Knowledge of basic notions of: estimation theory (maximum likelihood estimation, a-posteriori estimation); neural-based model identification; stochastic processes (mean, autocovariance, spectral density, optimal prediction); identification of ARMAX models. Ability to solve identification and prediction problems ranging from model formulation to the use of computer tools (Matlab) for parameter estimation and model simulation.
System Identification deals with methodologies that enable the construction of mathematical models of systems and signals based on experimental data. In presence of complex systems whose behavior can be hardly reduced to known "laws of nature", the use of identification techniques is often the only way to obtain models to be used in the context of forecasting, simulation, and control. The methods presented in the course are widely used in heterogeneous fields such as automation, biomedical engineering, econometry, hydrology, geophysics and telecommunications. Some basic notions of probability, estimation theory and stochastic processes are recalled. The main properties (stability, input-output description in the time and frequenct domains) of linear discrete-time systems are introduced. In the context of parametric estimation, the issues of model validation and model complexity are extensively discussed. Neural based identification is also illustrated and discussed, pointing out pros and cons with respect to standard approaches.
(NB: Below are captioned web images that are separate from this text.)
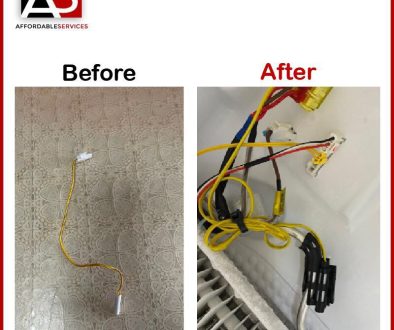 Replacement of Sensor & Wiring Job In Ang Mo Kio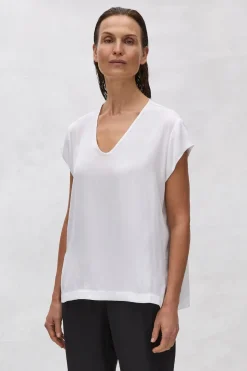Mela Purdie Slide T | White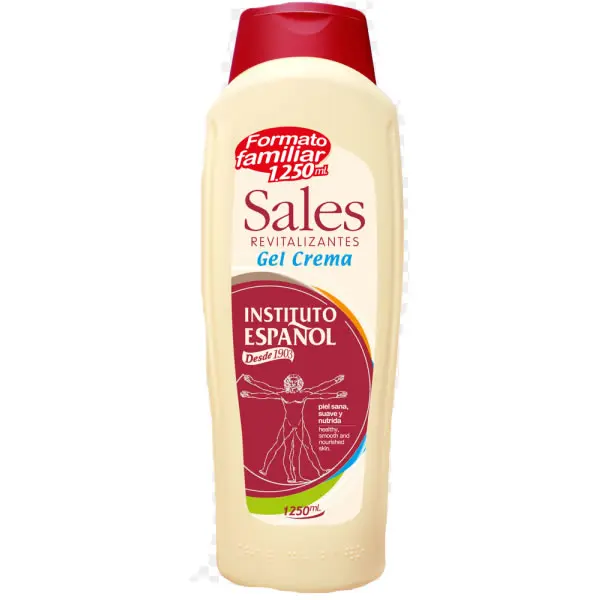 Gel de Ducha Revitalizante con Sales Instituto Español 1250 ml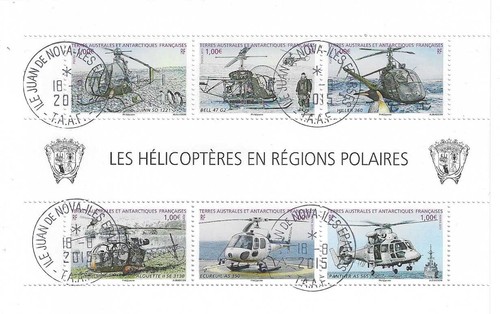 Taaf 654 oblitéré - taaf, n°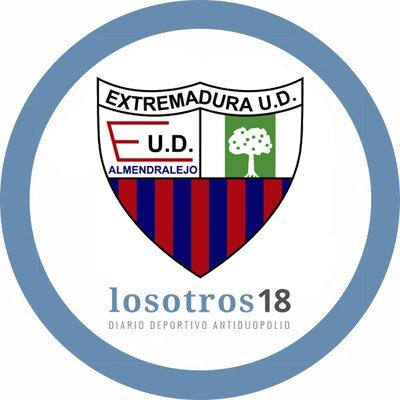 Twitter asociado a @losotros18 para todo lo relacionado con el Extremadura UD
The study of dynamic systems addresses three main topics: the optimal prediction of stationary stochastic processes (Wiener filtering), the identification of linear discrete-time systems, and spectral estimation (both nonparametric and maximum-entropy).
Probability: basic notions
independence, conditional probability, total probability and Bayes theorems;
Bernoulli trials, Poisson events;
the notion of random variable (R.V.), cumulative distribution function, probability density function, functions on one R.V.;
mode, median, moments of a R.V.;
joint random variables: distribution, density, moments, independence, incorrelation, functions of random variables;
Law of Lrge Numbers, Gaussian R.V., Central Limit Theorem.
Statistics: basic notions
notion of estimator; properties of estimators;
sample moments and their main properties;
confidence interval for the sample mean, Student's t.
Identification of linear-in-parameter models:
the least squares method, normal equations, identifiability;
Best Linear Unbiased Estimator: estimator, variance of parameters;
validation and choice of complexity: chi-square test, F-test, FPE, AIC, and MDL criteria.
maximum likelihood estimation: properties and examples;
a-posteriori estimation, Bayes estimator;
cross-validation, model complexity and the bias-variance dilemma;
identification of nonlinear-in-parameter models.
Radial basis function neural networks;
Multi-layer perceptron networks;
generalization, overfitting, selection of network size.
Stochastic processes and optimal prediction:
mean, autocorrelation, autocovariance, independence, incorrelation;
white noise, random walk, MA, AR, and ARMA processes, Yule-Walker equations;
stationarity, power spectral density, nonparametric spectral estimatiom;
spectral factorization, optimal prediction.
Identification of dynamic systems:
classes of dynamic models: output error, ARX, ARMAX;
prediction-error methods for system identification;
least-squares identification of ARX models: probabilistic analysis and persistent excitation.
Reccomended or required readings
Lecture notes (http://sisdin.unipv.it/labsisdin/teaching/teaching.php).
M. Bramanti. Calcolo delle probabilità e statistica. Esculapio.
A. Papoulis. Probability, Random Variables, and Stochastic Processes. McGraw-Hill.
L. Ljung. System Identification: Theory for the User. Prentice-Hall.